İfade etmek gerekir ki; mesele bununla sınırlı değil. Zira Epstein’in pedofili suçlusu olduğu biliniyor. Dava dosyasında yazılanlara bakıldığında, Epstein’in Virgin adasındaki özel adasında, malikanelerinde ve yatlarında organize ettiği fuhuş olaylarında 14 – 18 yaş arasındaki kız çocukları istismar edilmiş. Davanın tanıklarının ifadeleri de bunu teyit ediyor. Epstein’in eski kız arkadaşı Ghislaine Maxwell’in istismar edilecek kız çocuklarını bulan ve ağın içine çeken temel isim olduğu belirtiliyor. Zaten Maxwell, bu suçtan 20 yıl hapis cezasına çarptırıldı.

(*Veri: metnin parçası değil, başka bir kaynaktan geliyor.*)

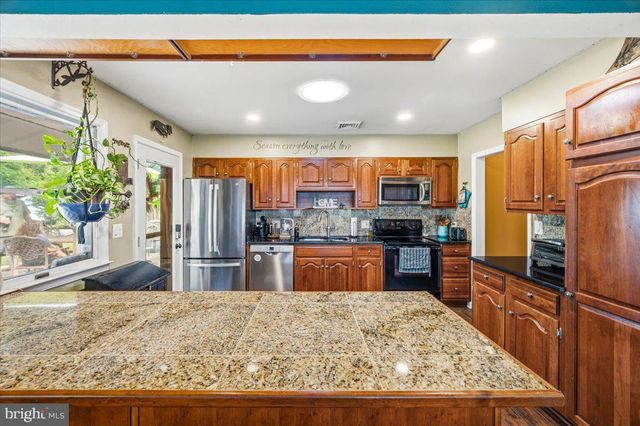 61 NATALIE LN, Harpers Ferry, WV 25425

Lakin mesele, Maxwell ile sınırlı olmayabilir. Daha da önemlisi, Amerikan siyasetini yönlendirmek için fuhuş ağı oluşturan tek isim Epstein de olmayabilir. Bu noktada akıllara gelen bir diğer soru, istismar edilen çocukların ABD’ye nasıl getirildikleri ve ilk aşamada nerede ve nasıl kaldıkları.
Esasen Epstein davasının gündemde olduğu bir dönemde New York’taki bir sinagogda ortaya çıkarılan tünel de bu tarz soruların yanıtı olabilir. Yani Mossad’ın Hasidik Yahudileri kullanmayı seçmesi ihtimal dahilinde. Nitekim bahse konu olan sinagog, 30 yıldır çocuk istismarı iddialarıyla anılan bir yer.
Rahatsızlık verecek bir başka husus da Hasidik cemaatinin önde gelen isimlerinden Hirschel Pekkar’ın 1991 yılında 5 yaşındaki bir kız çocuğuna “yapılmaması gereken şeyleri” yaptığını; yani cinsel istismarda bulunduğunu itiraf etmiş olması. Belki de sinagog, bu işler için kullanılıyordu ve Epstein davasıyla yakından ilişkiliydi.
İfade etmek gerekir ki; henüz Epstein davası ile sinagog baskını arasında bir bağlantı olduğunu doğrulayan herhangi bir açıklama yok. Ancak güçlü şüpheler olduğu ortada. Zamanlama ise göz ardı edilemeyecek bir rastlantısallık barındırıyor.
Mevcut gelişmeler, ABD siyasetinde Mossad etkisini ortaya koyarken, yaklaşan 2024 seçimleri öncesinde yaşanan bu hadiselerin Amerikan halkındaki İsrail karşıtlığını tetiklemesi muhtemel. Belki de ilk kez Amerikan seçimlerinde Yahudi lobisi, kazandıran değil de kaybettiren aktör olacak. Çünkü Amerikan halkının Gazze’ye düzenlenen saldırılardan dolayı zaten İsrail’e öfkeli olduğu biliniyor. Ülkedeki siyasetçilerin ve ünlülerin Mossad ile bağlantılı bir fuhuş ağı tarafından rehin alınmasının ifşa edilmesi ve hiçbir şey olmasa bile mutlaka bir şeylerin olduğu tünellerin ortaya çıkması, İsrail’e ilişkin kaygıları da artıracak mahiyette.